Received March 15, 2006
Returned for revision April 11, 2006
Accepted June 8, 2006
Imaging of dynamic secretory vesicles in living pollen tubes of Picea meyeri using evanescent wave microscopy
Xiaohua Wang , Yan Teng , Qinli Wang , Xiaojuan Li , Xianyong Sheng , Maozhong Zheng , Jozef
amaj , Franti
ek Balu
ka , and Jinxing Lin *
Key Laboratory of Photosynthesis and Molecular Environment Physiology, Institute of Botany, Chinese Academy of Sciences, Beijing 100093, China; Graduate School of the Chinese Academy of Sciences, Beijing 100049, China
Institute of Biophysics, Chinese Academy of Sciences, Beijing 100101, China
Key Laboratory of Photosynthesis and Molecular Environment Physiology, Institute of Botany, Chinese Academy of Sciences, Beijing 100093, China
Institute of Cellular and Molecular Botany, Rheinische Friedrich-Wilhelms-University Bonn, Department of Plant Cell Biology, Kirschallee 1, D-53115 Bonn, Germany; Institute of Botany, Slovak Academy of Sciences, Dubravska 14, SK-84223, Bratislava, Slovak Republic
Institute of Cellular and Molecular Botany, Rheinische Friedrich-Wilhelms-University Bonn, Department of Plant Cell Biology, Kirschallee 1, D-53115 Bonn, Germany; Institute of Plant Genetics and Biotechnology, Slovak Academy of Sciences, Akademicka 2, SK-95007, Nitra, Slovak Republic
* Corresponding author; email: linjx{at}ibcas.ac.cn.

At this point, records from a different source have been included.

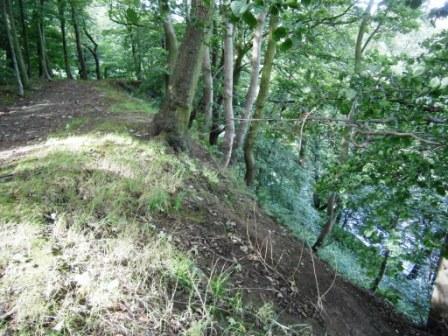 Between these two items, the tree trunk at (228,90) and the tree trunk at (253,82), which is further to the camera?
the tree trunk at (253,82)

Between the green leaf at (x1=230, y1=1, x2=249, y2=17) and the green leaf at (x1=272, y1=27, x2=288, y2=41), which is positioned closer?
the green leaf at (x1=230, y1=1, x2=249, y2=17)

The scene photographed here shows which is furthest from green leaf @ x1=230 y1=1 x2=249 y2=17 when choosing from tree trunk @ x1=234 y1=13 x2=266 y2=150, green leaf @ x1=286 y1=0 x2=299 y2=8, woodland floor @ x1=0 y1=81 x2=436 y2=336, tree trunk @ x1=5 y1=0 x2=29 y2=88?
tree trunk @ x1=5 y1=0 x2=29 y2=88

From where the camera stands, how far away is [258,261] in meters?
2.91

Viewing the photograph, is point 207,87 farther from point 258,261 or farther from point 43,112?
point 258,261

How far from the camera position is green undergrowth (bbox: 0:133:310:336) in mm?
1569

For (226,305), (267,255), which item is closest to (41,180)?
(226,305)

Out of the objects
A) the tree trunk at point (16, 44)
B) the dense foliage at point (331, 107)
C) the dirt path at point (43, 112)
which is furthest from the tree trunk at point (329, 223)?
the tree trunk at point (16, 44)

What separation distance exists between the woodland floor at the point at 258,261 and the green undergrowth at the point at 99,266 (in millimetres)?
171

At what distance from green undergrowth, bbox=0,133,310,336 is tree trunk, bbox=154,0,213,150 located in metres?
1.54

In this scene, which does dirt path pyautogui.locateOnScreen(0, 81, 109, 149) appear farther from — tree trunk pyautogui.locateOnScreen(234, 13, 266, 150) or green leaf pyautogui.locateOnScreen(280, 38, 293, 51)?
green leaf pyautogui.locateOnScreen(280, 38, 293, 51)

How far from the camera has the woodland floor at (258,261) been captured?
2.54m

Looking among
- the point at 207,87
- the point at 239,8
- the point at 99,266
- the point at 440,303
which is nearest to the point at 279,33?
the point at 239,8

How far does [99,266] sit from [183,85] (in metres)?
3.06

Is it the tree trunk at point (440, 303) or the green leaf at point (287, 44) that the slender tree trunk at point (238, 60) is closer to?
the tree trunk at point (440, 303) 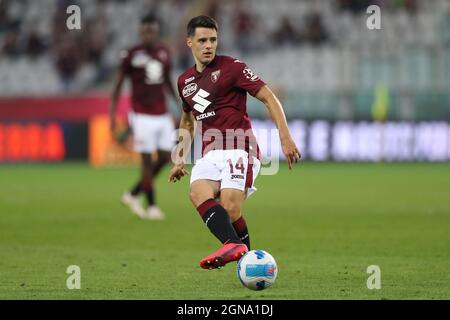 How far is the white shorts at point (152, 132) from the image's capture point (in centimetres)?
1341

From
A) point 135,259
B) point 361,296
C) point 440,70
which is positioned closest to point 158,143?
point 135,259

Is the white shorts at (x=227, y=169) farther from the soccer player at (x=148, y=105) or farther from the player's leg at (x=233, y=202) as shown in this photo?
the soccer player at (x=148, y=105)

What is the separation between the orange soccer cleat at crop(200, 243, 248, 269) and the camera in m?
7.04

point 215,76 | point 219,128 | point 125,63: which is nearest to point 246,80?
point 215,76

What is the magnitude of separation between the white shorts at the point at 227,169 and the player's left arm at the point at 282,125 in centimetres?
46

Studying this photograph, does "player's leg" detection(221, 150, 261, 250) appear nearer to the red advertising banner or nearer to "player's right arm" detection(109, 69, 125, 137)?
"player's right arm" detection(109, 69, 125, 137)

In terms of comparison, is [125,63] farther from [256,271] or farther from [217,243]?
[256,271]

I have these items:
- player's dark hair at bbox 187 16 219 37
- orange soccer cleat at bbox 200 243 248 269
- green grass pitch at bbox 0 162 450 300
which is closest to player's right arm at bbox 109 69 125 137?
green grass pitch at bbox 0 162 450 300

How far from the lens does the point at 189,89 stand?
7.92 metres

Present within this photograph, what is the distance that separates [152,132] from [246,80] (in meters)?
5.90

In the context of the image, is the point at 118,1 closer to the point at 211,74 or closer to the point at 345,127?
the point at 345,127

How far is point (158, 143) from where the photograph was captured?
13.5 meters

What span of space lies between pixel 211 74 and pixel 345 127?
18.1 metres

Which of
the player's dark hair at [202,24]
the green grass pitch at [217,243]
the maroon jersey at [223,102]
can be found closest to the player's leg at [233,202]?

Evanescent wave excitation was used to visualize individual, FM4-64-labeled secretory vesicles in an optical slice proximal to the plasma membrane of Picea meyeri pollen tubes. A standard upright microscope was modified to accommodate the optics used to direct a laser beam at a variable angle. Under evanescent wave microscopy or total internal reflection fluorescence microscopy, fluorophores localized near the surface were excited with evanescent waves, which decay exponentially with distance from the interface. Evanescent waves with penetration depths of 60 to 400 nm were generated by varying the angle of incidence of the laser beam. Kinetic analysis of vesicle trafficking was made through a
300-nm optical section beneath the plasma membrane using time-lapse evanescent wave imaging of individual fluorescently labeled vesicles. Two-dimensional (2-D) trajectories of individual vesicles were obtained from the resulting time-resolved image stacks and were used to characterize the vesicles in terms of their average fluorescence and mobility, expressed here as the 2-D diffusion coefficient D (2). The velocity and direction of vesicle motions, frame-to-frame displacement, and vesicle trajectories were also calculated. Analysis of individual vesicles revealed for the first time that two types of motion are present, and that vesicles in living pollen tubes exhibit complicated behaviors and oscillations that differ from the simple Brownian motion reported in previous investigations. Furthermore, disruption of the actin cytoskeleton had a much more pronounced effect on vesicle mobility than did disruption of the microtubules, suggesting that actin cytoskeleton plays a primary role in vesicle mobility.